You misunderstood my point. It had nothing to do with curvature of the Earth, although you’re 100% right that the curvature affects the distance to the ground; we can’t use a simple cosd(45) because the Earth’s surface is dropping away as your look angle changes away from satellite nadir.
What I was saying is that the density of the atmosphere is exponentially distributed. The bottom meter is thicker than the one above, and so on up to the top. What I don’t know, without some careful reasoning and careful calculus, is whether that exponential distribution means we can’t use a simple cosd(look angle) even while ignoring the Earth’s curvature.
IOW, cosd(45) gives us the distance from the satellite to a flat Earth’s surface. But then we need to integrate the density along that diagonal path up to the top of the atmosphere towards the satellite to see how large that integral is versus running the same integral from nadir straight up towards the satellite.
My intuition is they’ll come out to differ by the same cosd(45) factor, but then a nagging “no, wait, what about …” makes me hesitate. And my calculus is rusty enough I’m not going to do the work to answer that nag. But intellectual honesty compels me to admit to it. And I invite somebody more proficient on the math or with better tools to answer definitively.

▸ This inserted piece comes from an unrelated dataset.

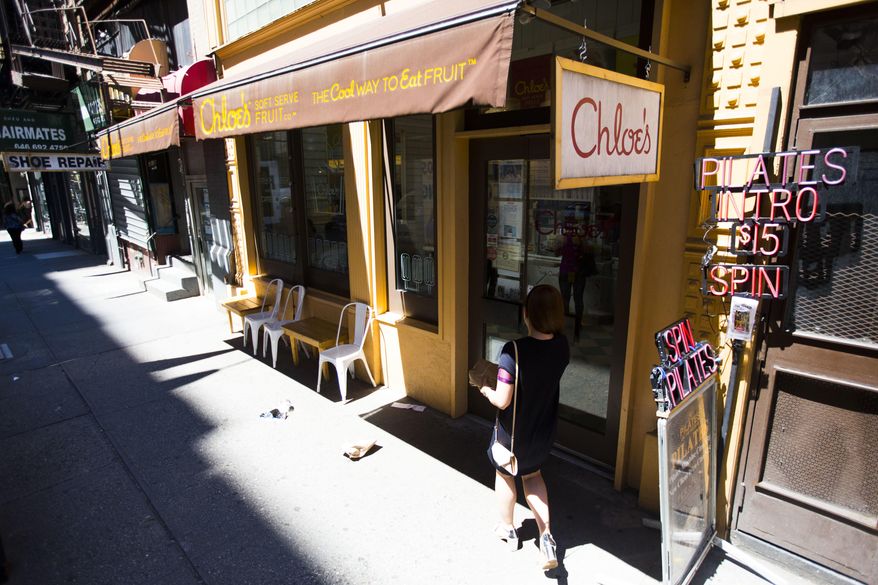 This June 20, 2017 photo shows Chloe's Soft Serve Fruit Co., a vegan scoop shop in New York. Started by a fro-yo addict looking for a healthier choice, the shop in Manhattan's bustling Union Square uses only fruit, water and a touch of organic cane sugar to blend up creamy frozen treats like dark chocolate and pumpkin. Chloe's opened its first shop in 2010, and now sells frozen pops in supermarkets and to hospitals, schools and hotels. (AP Photo/Michael Noble Jr.)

I don’t know much about electromagnetism so I don’t know if K band or mm wave count as reasonable frequencies for looking through about 10KM of atmosphere.
Yes, satellites can’t rely on brute strength for anything. Is it not also possible to increase range by using high sensitivity, low noise receivers and amplifiers combined with signal processing?
Why would L-band work better for aircraft?
It’s got to be just cos(45). Imagine a light beam, 1 square inch in cross section, projected straight down; it’s viewing the surface of the earth through 14.7 pounds of air. Now tilt your beam 45 degrees. How much does this new column of air weigh? 14.7/cos(45).
When you tilt your path 45 degrees from vertical, the path through each infinitesimally thick layer of atmosphere increases in length by 1/cos(45), reglardless of the altitude of any given layer.
All of that disregards the earth’s curvature. If that curvature is taken into account, then for very shallow angles, e.g. an angle that’s nearly tangent to the surface of the earth, the path length through lower/denser altitudes could be lengthened more than the path length through higher/more rarified altitudes. I suspect the difference here would not be very much, since the earth’s atmosphere is very thin compared to the radius of the earth itself (100 miles vs. 4000 miles).
To throw another wrench into the works, don’t we also have to take refraction into account? Especially if, per MichaelEmouse’s questions about radar, we’re talking about a RF signal? I remember seeing an online horizon calculator where the answer was significantly different for an RF return vs. a visual horizon.
Yes, it is, but it only helps you so far. For comparison, “Zaslon” X-band radar in MiG-31 can detect airliner-size plane out to 400km. This is similar to the range from a low orbit satellite. On one hand, “Zaslon” requires about 30 kW, which is completely impractical for a satellite. On the other hand, satellite could have a much large antenna, if it can be folded for launch.
In 1970s, signal processing could not cope with the strong noise in the return signal at lower frequencies. Even in X-band, it was only marginal. The soviet satellite only worked well on calm seas, since high waves created too much noise. Today’s signal processing is far far better. And lower frequency will get you stronger signal out for the same power input.